O “Abc” inquire se a batalha de Israel em Gaza tem “características de genocídio”. A resposta e Antony Beevor: “Estamos presenciando limpeza étnica dos dois lados. De um lado, a limpeza étnica levada a cabo por Israel nos territórios ocupados da Cisjordânia e, por suposto, em Gaza. Mas a limpeza étnica aparece nos discursos dos palestinos”.

A cautela do historiador é compreensível. Mas, no momento, Israel está massacrando os palestinos, e não apenas buscando matar membros ativos do Hamas (um grupo que, sim, é terrorista e, deste modo, não deve ser enfrentado com luvas de pelica). A retórica palestina — ainda que se leve em consideração o gravíssimo atentado em Israel, que resultou em mais de mil mortes — não equivale à prática israelense.

Para piorar as coisas, Israel pode ganhar a guerra — está vencendo por larga margem a “batalha” contra o Hamas, o Hezbollah e o Irã — e perder a paz para sempre. “Sobreaviso” e “tensão” serão as palavras eternas para os israelenses.

Há quem postule que a grande guerra do século 21 se dará entre os Estados Unidos e a China. A guerra comercial já é uma realidade entre as duas maiores potências globais. Mas chegarão às vias de fato, ou a questão nuclear, que os dois países controlam, pode impedir uma batalha global, que ficaria circunscrita à economia?

Antony Beevor, pelo fato de não ter sido perguntando, não discute a questão. Mas Graham Allison, no notável livro “A Caminho da Guerra — Os Estados Unidos e a China Conseguirão Escapar da Armadilha de Tucídides?” (Intrínseca, 416 páginas, tradução de Cássio de Arantes Leite), postula que a guerra é possível e, ao mesmo tempo, evitável.

Recentemente, num artigo para “O Globo”, o jornalista Guga Chacra disse que Marco Rubio como secretário de Estado do governo de Donald Trump pode ser um pesadelo para o governo de Lula da Silva, quer dizer, para o Brasil. É provável.

Assim como é possível que um amplo alinhamento do Brasil com a China e a Rússia pode ser um pesadelo para os Estados Unidos. O maior parceiro comercial do país de Machado de Assis e Yêda Schmaltz é a China, e não os EUA. Os homens do Agro, que se apresentam em geral como integrantes da direita, têm como interlocutores comerciais, de maneira prioritária, os comunistas chineses.
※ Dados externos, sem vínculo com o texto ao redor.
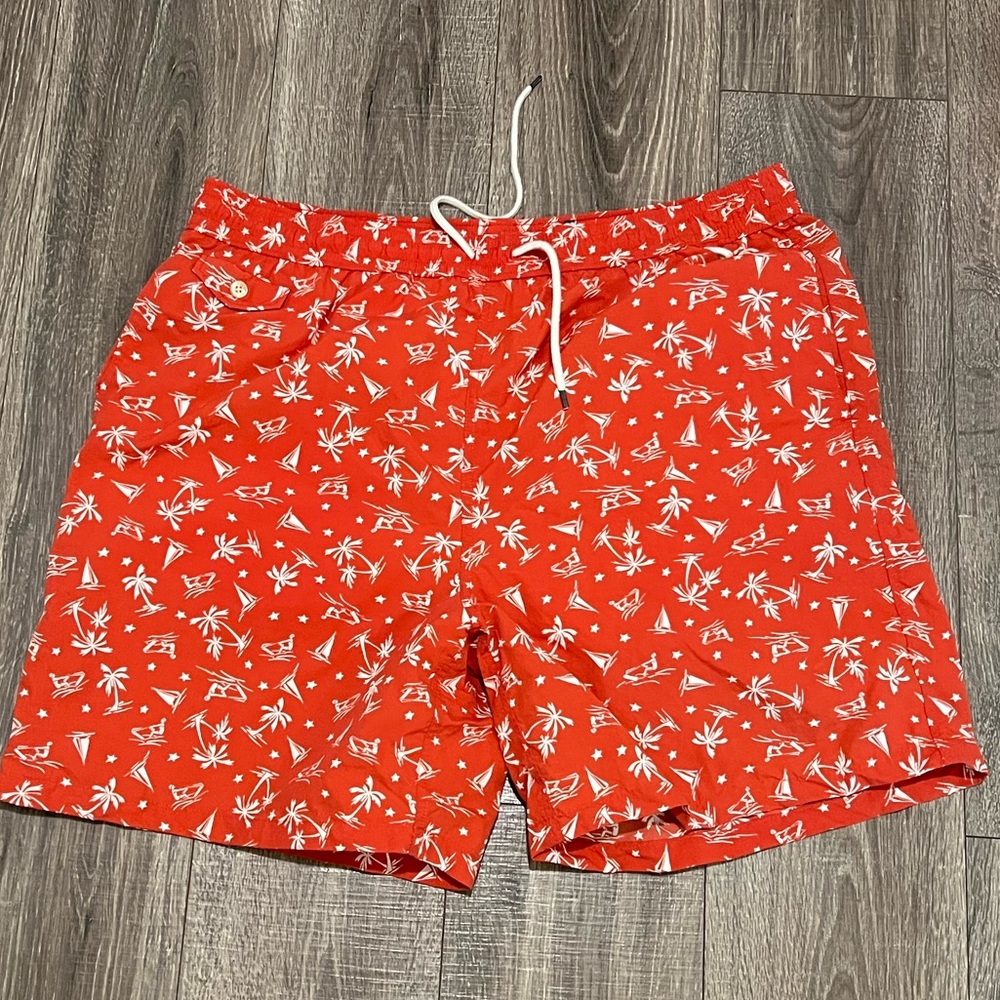 Ralph Lauren Red Swim Trunks Size XL Tall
O que prova que dinheiro (o pragmatismo do capital) rima com interesses econômicos e não com ideologias.

A ameaça nuclear está no horizonte, é claro. Mas há outro perigo e vem da China. “É aterrador saber que os chineses estão criando sistemas de armas automatizadas que não requerem a intervenção humana para acelerar as coisas.” Uma guerra com a nova tecnologia pode ser muito perigosa para a humanidade. Pode ser uma guerra sem nenhum limite.